**Record excerpts**:
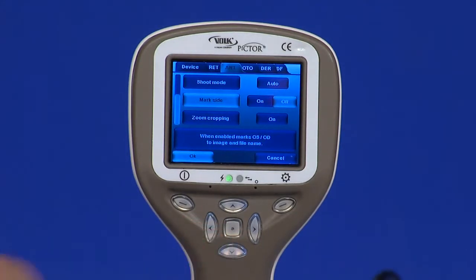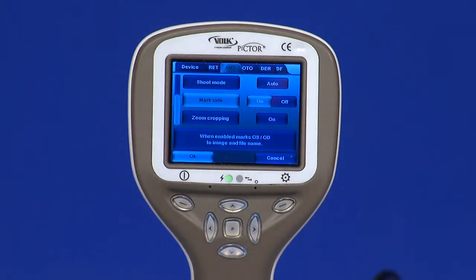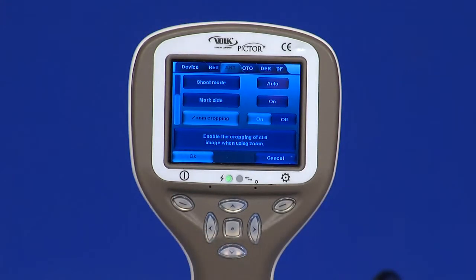Mark side: it is possible to mark which eye was imaged. When switched on, the side is marked to the file name and to the image. For video files, the side is always marked only to the file name. When marking side is enabled, the camera will ask to confirm which side after each captured image. Identifiers used for eye images are OS for left and OD for right.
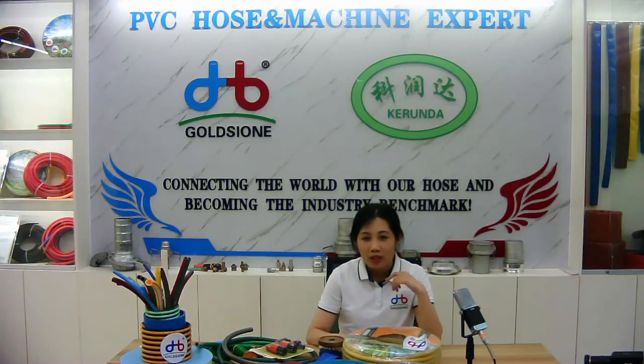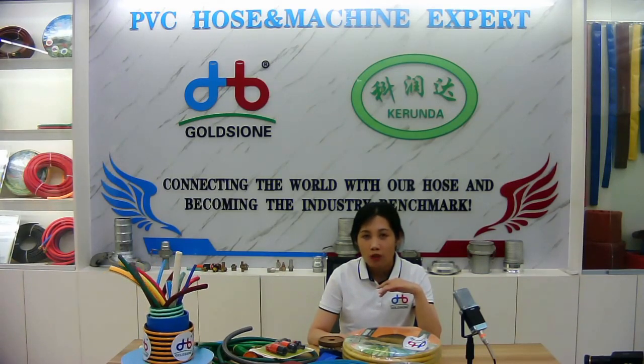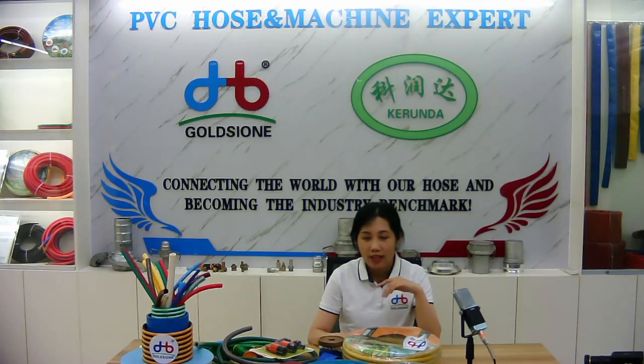According to the number of layers, there are two types of PVC garden hose: the normal three-layer type and the multi-layer type.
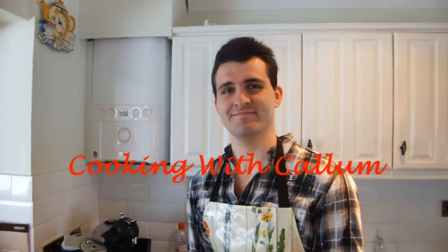Luke, do you remember when I had a spin-off? I do, actually. I do. Welcome back to another thrilling episode of Cooking with Callum. Today, we're going to be cooking coffee.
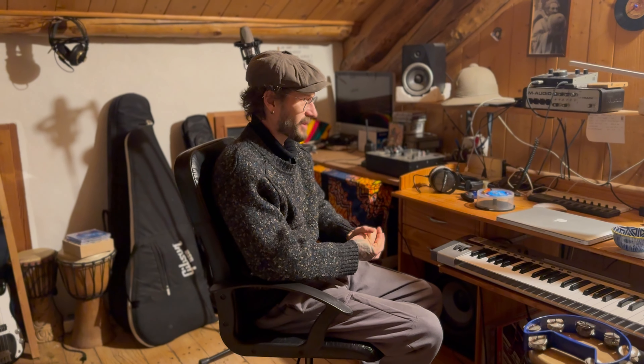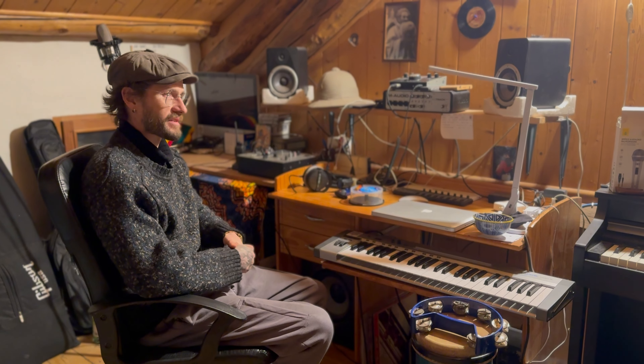And then Paolo Baldini took care of all the mastering process. He did great work because we released the album on vinyl — he did the mastering for both the digital release and vinyl release. He did a great job — it's all homemade.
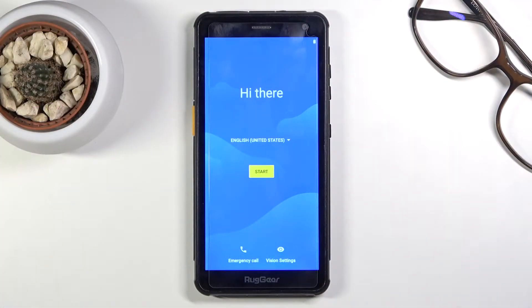Welcome. In front of me is a Raggear RG655 and today I'll show you how to go through the setup process of the device.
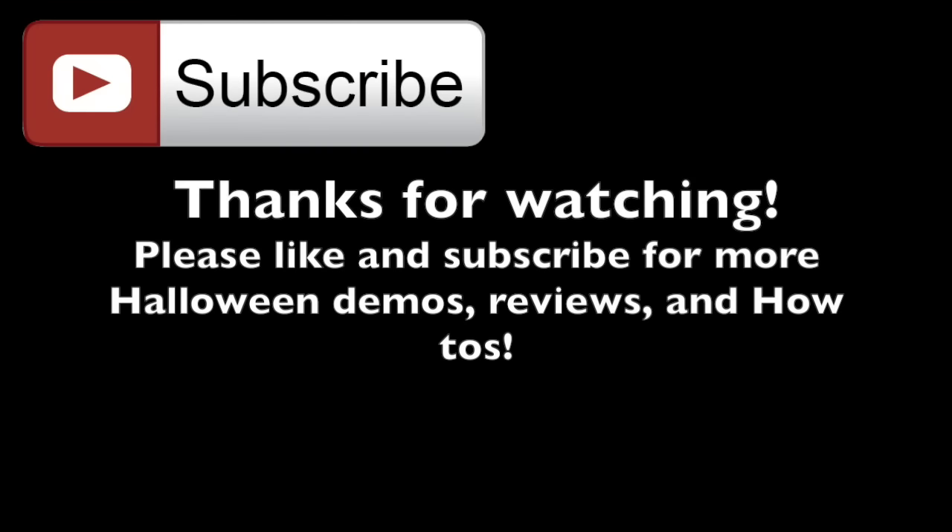Thank you for watching. If you like this video or have any questions, let me know in the comments section below. You can give it a thumbs up and hit that subscribe button for more Halloween demos, reviews, and how-tos. See you next time.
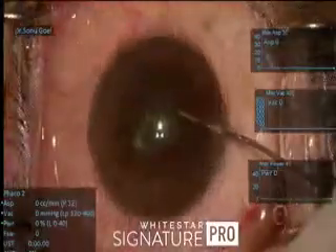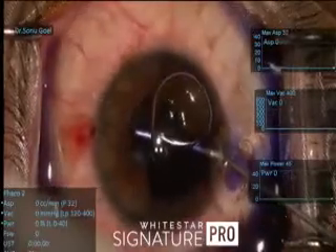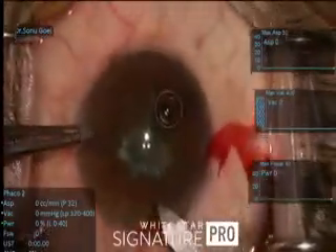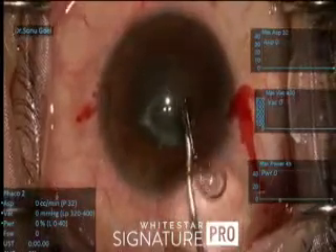A female with a non-dilating pupil and a posterior subcapsular cataract mimicking a posterior polar cataract. The iris looks floppy in this case, so we go in with cushion viscoelastic, but the pupil is not sufficient to give us a 5.5 millimeter capsular axis. So what we plan to do here is a Malyugin ring.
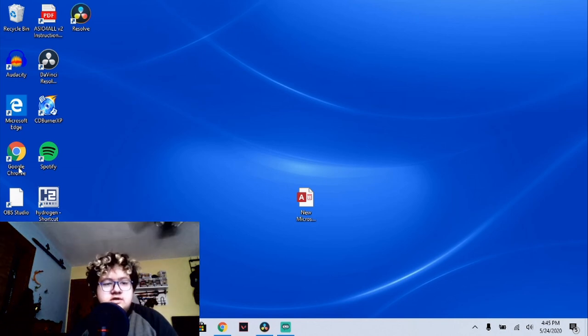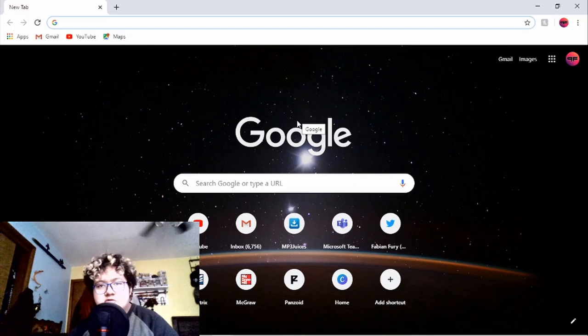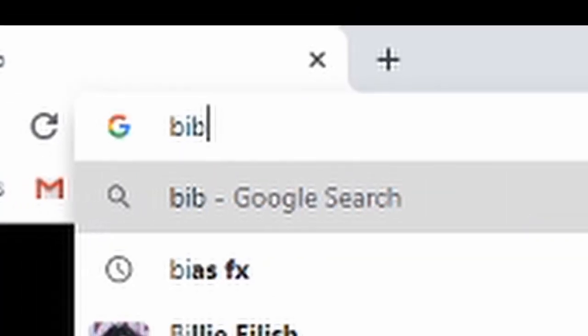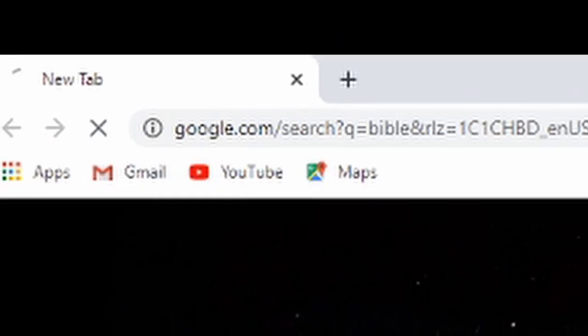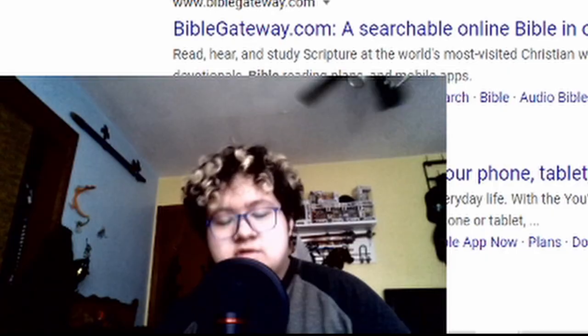So the first thing you're going to want to do is go to Google Chrome and press open. Simple enough. We see this advanced menu — don't worry, I'll show you how to operate it. B-I-B-L-E, press enter. And this is what you're supposed to be reading, ladies and gentlemen. Stop watching OnlyFans, you fucking perfect.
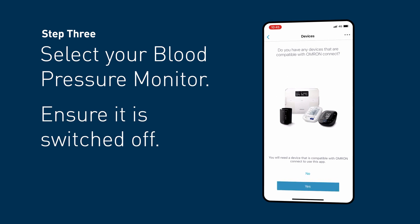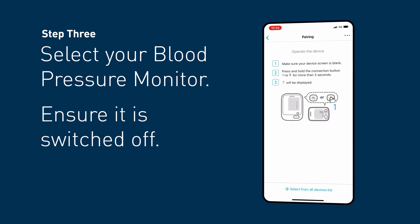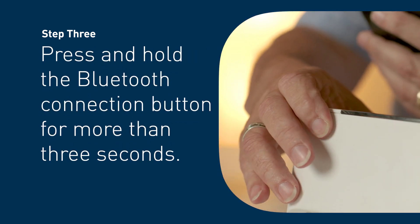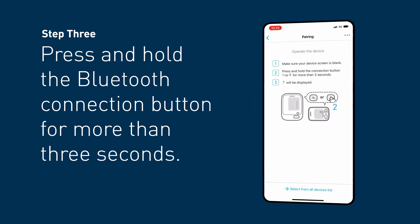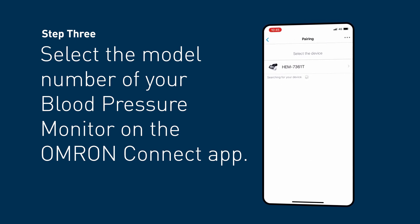Step 3. Select your blood pressure monitor. Ensure your blood pressure monitor is switched off. Press and hold the Bluetooth connection button for more than 3 seconds. Select the model number of your blood pressure monitor on the OMRON Connect app.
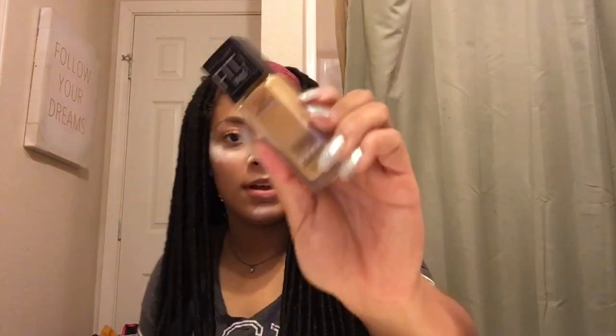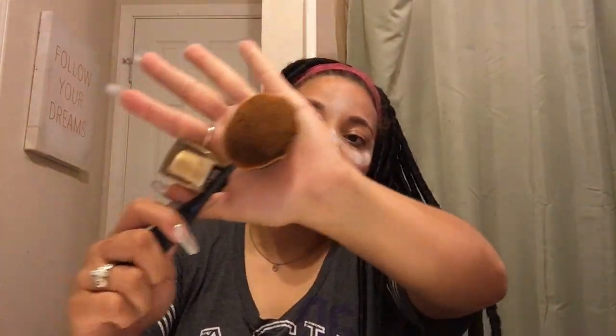Really making sure I get all that powder underneath my eyes and everything. Then I'm going to go in with Fit Me Matte and Smooth foundation in color 240 Golden Beige. I'm going to apply it and I think I'll use a giant oval brush — these are honestly great dupes for the artist brushes. I highly suggest them if you ever want to try it.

**Problem details**: Copy the records exactly. Skip the images.

**Written solution**:
Mark side: it is possible to mark which eye was imaged. When switched on, the side is marked to the file name and to the image. For video files, the side is always marked only to the file name. When marking side is enabled, the camera will ask to confirm which side after each captured image. Identifiers used for eye images are OS for left and OD for right.
According to the number of layers, there are two types of PVC garden hose: the normal three-layer type and the multi-layer type.
Luke, do you remember when I had a spin-off? I do, actually. I do. Welcome back to another thrilling episode of Cooking with Callum. Today, we're going to be cooking coffee.
And then Paolo Baldini took care of all the mastering process. He did great work because we released the album on vinyl — he did the mastering for both the digital release and vinyl release. He did a great job — it's all homemade.
Welcome. In front of me is a Raggear RG655 and today I'll show you how to go through the setup process of the device.
Thank you for watching. If you like this video or have any questions, let me know in the comments section below. You can give it a thumbs up and hit that subscribe button for more Halloween demos, reviews, and how-tos. See you next time.
A female with a non-dilating pupil and a posterior subcapsular cataract mimicking a posterior polar cataract. The iris looks floppy in this case, so we go in with cushion viscoelastic, but the pupil is not sufficient to give us a 5.5 millimeter capsular axis. So what we plan to do here is a Malyugin ring.
So the first thing you're going to want to do is go to Google Chrome and press open. Simple enough. We see this advanced menu — don't worry, I'll show you how to operate it. B-I-B-L-E, press enter. And this is what you're supposed to be reading, ladies and gentlemen. Stop watching OnlyFans, you fucking perfect.
Step 3. Select your blood pressure monitor. Ensure your blood pressure monitor is switched off. Press and hold the Bluetooth connection button for more than 3 seconds. Select the model number of your blood pressure monitor on the OMRON Connect app.
Really making sure I get all that powder underneath my eyes and everything. Then I'm going to go in with Fit Me Matte and Smooth foundation in color 240 Golden Beige. I'm going to apply it and I think I'll use a giant oval brush — these are honestly great dupes for the artist brushes. I highly suggest them if you ever want to try it.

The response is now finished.